# 'Nudja-like sausage



## atomicsmoke (Dec 19, 2015)

It says 'nduja like since I didn't use calabrian peppers.

I made this with belly and Hungarian paprika.

I decided to do four blends: mild non-fermented smoked, mild non-fermented no-smoke, hot fermented smoked, hot fermented no-smoke.
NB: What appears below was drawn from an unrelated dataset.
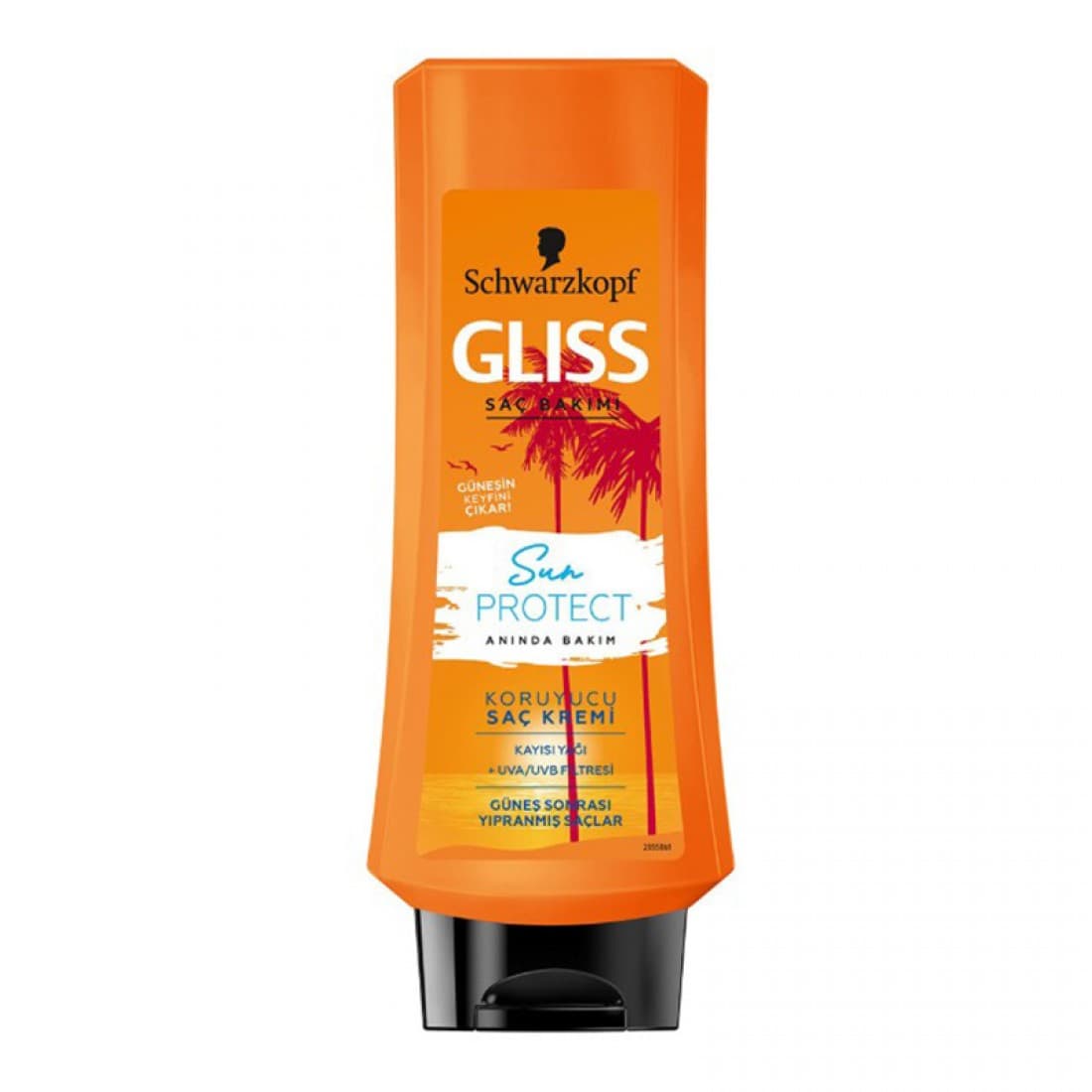 نرم کننده مو گلیس مراقبت از آفتابGliss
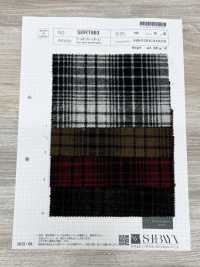 SBRT893 Woll-Ombre-Etamin[Textilien / Stoffe] SHIBAYA Weitere Fotos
They are at 25% weight loss. I grabbed one fermented/hot no-smoke for a taste.












_20151219_162045.JPG



__ atomicsmoke
__ Dec 19, 2015





The mold spores from my sopressatta like this sausage...but it got too cold/dry for them.














_20151219_162045.JPG



__ atomicsmoke
__ Dec 19, 2015






On some crusty bread












_20151219_162103.JPG



__ atomicsmoke
__ Dec 19, 2015






I will leave the other sticks hanging. Unlike salamis and cured muscle there is only so much water nduja can lose.


----------



## daveomak (Dec 19, 2015)

Looks mighty fine to me....


----------



## disco (Dec 21, 2015)

Wow. Looks good.

Disco


----------



## DanMcG (Dec 21, 2015)

Looks good! What percents lean /fat do you think you used? and hows it taste?


----------



## atomicsmoke (Dec 21, 2015)

DanMcG said:


> Looks good! What percents lean /fat do you think you used? and hows it taste?


It was just belly. You can also use jowl.

Tastes great.


----------



## harleykids (Dec 23, 2015)

Looks great!  Does it spread well on crust bread?


----------



## atomicsmoke (Dec 23, 2015)

Yes.


----------